In the last few weeks I have been back out in the Lockyer Valley around Gatton doing some birdwatching.
At this time of the year, there are many bird species utilising the areas in the region that have water.
I thought it would be interesting to do an article which helps with the identification of some of these bird species.
For people who are familiar with bird species in South-East Queensland, this might seem easy but for beginners it can be a little daunting.
In the photograph that I have provided, there are five recognisable bird species that inhabit watery surroundings in the Lockyer Valley.
They are the Magpie Goose, Plumed Whistling Duck, Purple Swamphen, Australian White Ibis and Royal Spoonbill.
The first question that a novice birdwatcher would ask is how would one tell these separate species apart.
My response would be to look at the colour of the plumage (feathers), size of the bird and shape of the bill of the bird. A good example from this picture would be the Magpie Goose and Royal Spoonbill. Both bird species essentially look black and white in colour but what sets the two species apart is the shape of the bill.
The name of a Royal Spoonbill says it all.

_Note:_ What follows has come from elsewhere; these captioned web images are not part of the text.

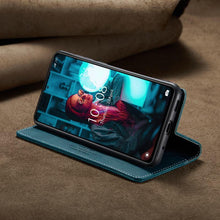 Load image into Gallery viewer, Premium Leather PU Flip Case Magnetic Flip Case Card Slot Silicone Bumper Protective Case For Xiaomi Redmi Note 10 Case Flip Matte Leather Cover For Redmi Note 10 s Por Max 10s Case Luxury Wallet Strong Magnetic Cover
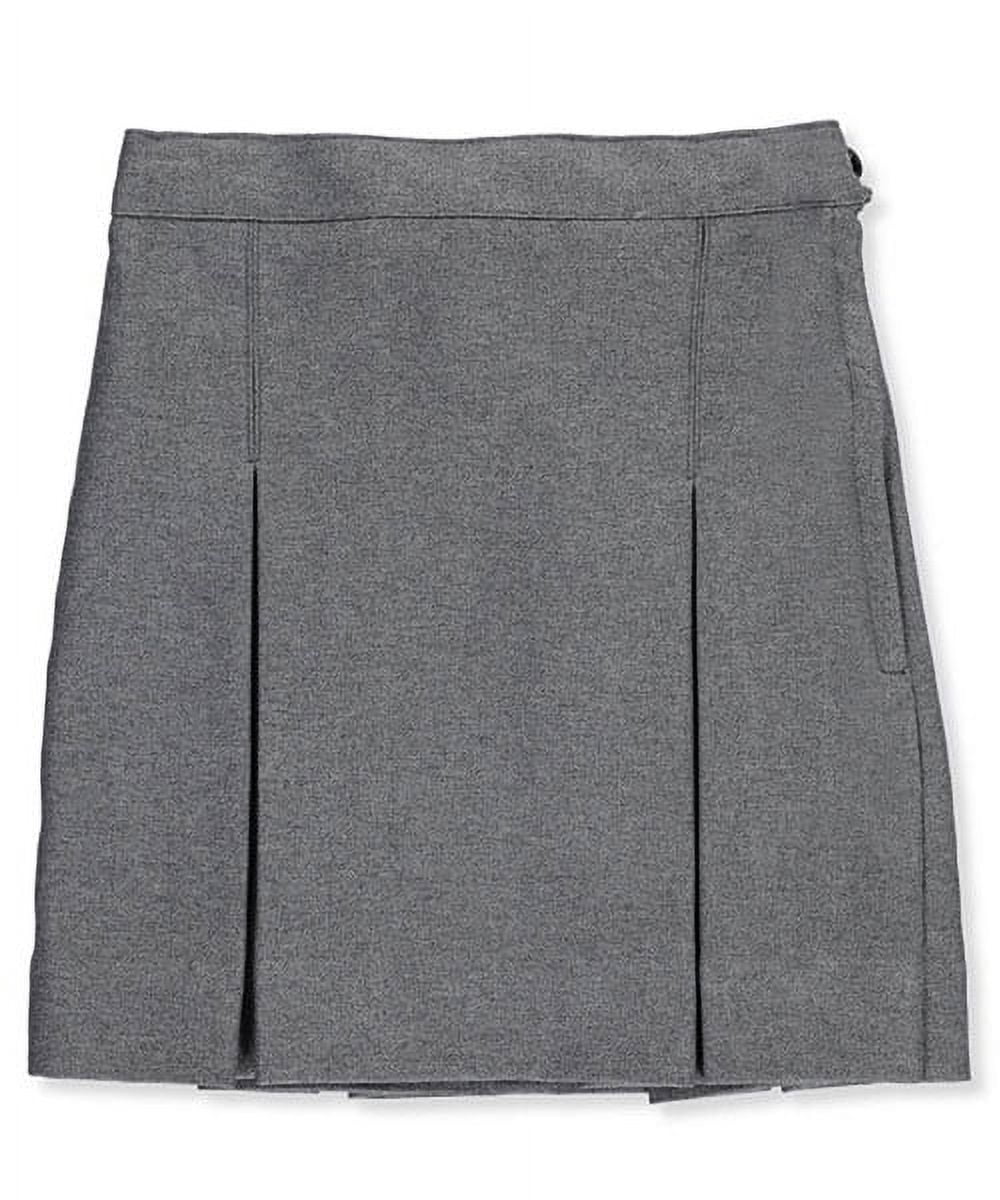 French Toast Girls School Uniform Adjustable Waist Front Tab Pleated Skirt,  Sizes 4-20 & Plus - Walmart.com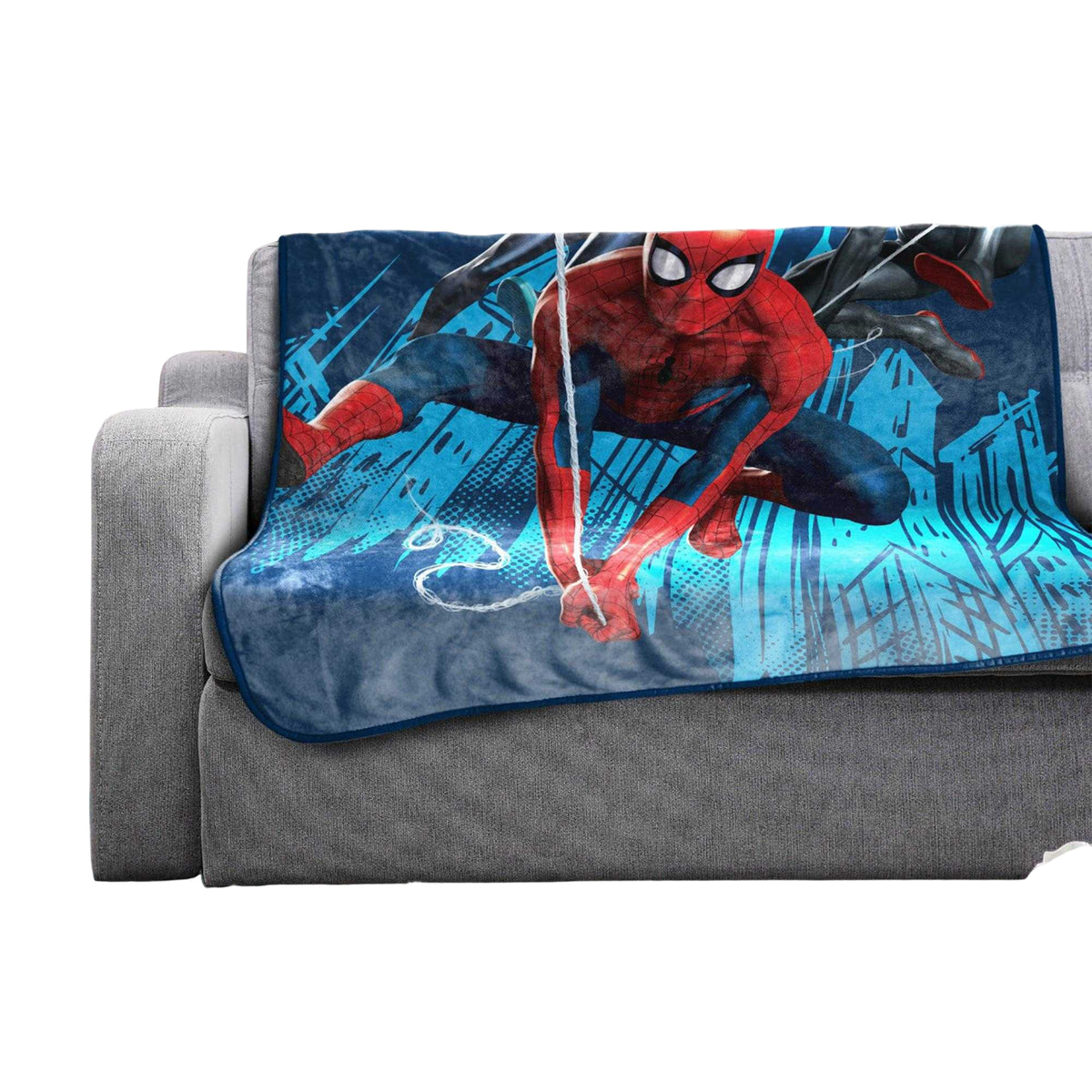 Multicoloured - Side - Spider-Man Plush Printed Throw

Also, the Magpie Goose has a shape that does essentially resemble a goose where as the Royal Spoonbills are a taller bird with thinner legs.
Identifying different duck species can be a challenge especially when they are on the water and a long distance away.
The things I always keep in mind for duck ID is the colour of the plumage, bill and eye features and the overall shape of the bird.
The Plumed Whistling Duck in the photo is easy to identify by its light brown colour and the upswept white feather near the flank.
The last two birds in the photo are known by most people around urban environs.
The Australian White Ibis or “Bin Chicken” is a household Australian icon, and the Purple Swamphen is distinctive with its characteristic blue plumage and red bill.
Birdwatching is a hobby where people should start with learning common species and progress to less distinctive species.
It is something that I never tire of doing and I hope there are others who read this article who feel the same!